The Utah Supreme Court agreed. It rejected Jeremy’s argument that Dr. Anderson owed a duty of care arising out of “special relationship” existing in the worker’s comp context. A physician-patient relationship only exists if there is a “patient.” In a work comp context, a physician performing an IME does not have a patient. Rather, a physician conducting an IME is gathering information used for employment and financial decisions. Besides, Dr. Anderson’s disclaimer of a doctor-patient relationship evidenced his intent to only serve the interests of his employer—the administrator.
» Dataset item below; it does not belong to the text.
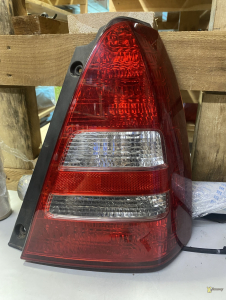 Фонарь задний правый Forester 03-05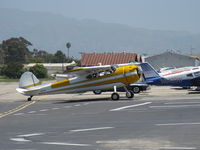 N3090B photo, click to enlarge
The thornier issue was whether, even absent a doctor-patient relationship, Dr. Anderson owed a duty arising out of his own affirmative conduct. The Court concluded that even though the law does not always bar a non-patient’s recovery from a physician, it barred a recovery here. In evaluating duty in unintentional tort actions, a court must consider: (1) whether a physician’s conduct was an affirmative act or merely an omission, (2) the legal relationship of the parties, (3) the foreseeability or likelihood of injuries, (4) the public policy as to who can best bear the loss, and (5) general policy considerations. The Court treated the first three as “plus” factors supporting a duty, the latter two as “minus” factors negating it.
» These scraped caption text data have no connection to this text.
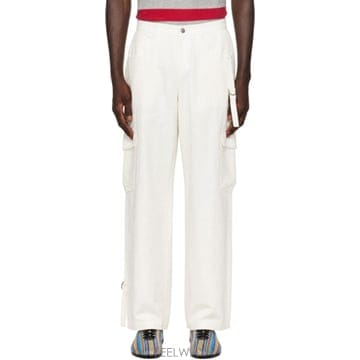 | Other Brand | Gimaguas ȭ��Ʈ ���� ������ GABI PANTS TP878291546Gimaguas ȭ��Ʈ ���� ������ GABI PANTS TP878291546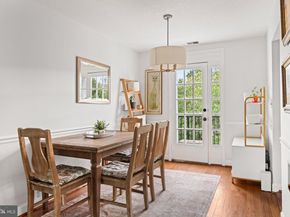 3050 S Buchanan Street C1, Arlington VA 22206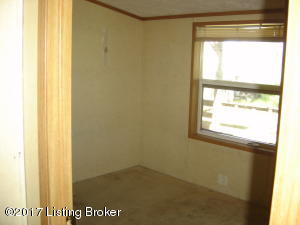 2232 Ridge Rd, Pendleton, KY 40055 photo 6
The Court ruled that assuming that all “plus” factors existed, the fifth factor was an overwhelming “minus.” First, imposing a duty would chill the involvement of experts if injured persons could sue experts for opinions that delayed proceedings. Second, experts provide vital services in the administration of health care and worker’s comp benefits that the prospect of suit should not disrupt. An independent examiner provides unbiased opinion regarding the need for treatment, while a treating physician provides unbiased treatment. As for the prospect of delays, an IME is just a step in a legal process that provides its own remedy for delays. Finally, because a medical examiner has a contractual relationship with an employer, imposing a duty to the injured person can create problems, and even put an examiner in a conflict of interests.
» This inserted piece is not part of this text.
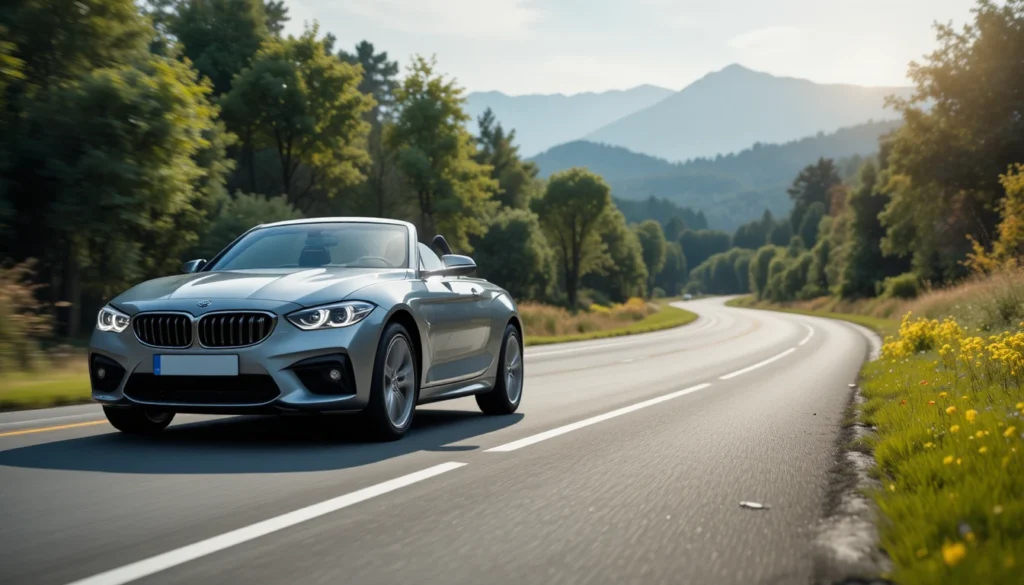 Car Insurance Quotes Comparison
Learning Point: Kirk is good news for independent medical examiners and those who retain them. It is not a complete pass from liability. A doctor who injures an examinee (say by overstretching a body joint) is subject to liability even asbsent a physician-patient relationship. The Court left open the possibility that an examiner might owe limited duties not implicated by the facts here. And it did not decide whether an independent medical examiner is an agent of an insurer. But if an examiner acts in good faith and within the standard of care, no liability should attach regardless of the examiner’s conclusions.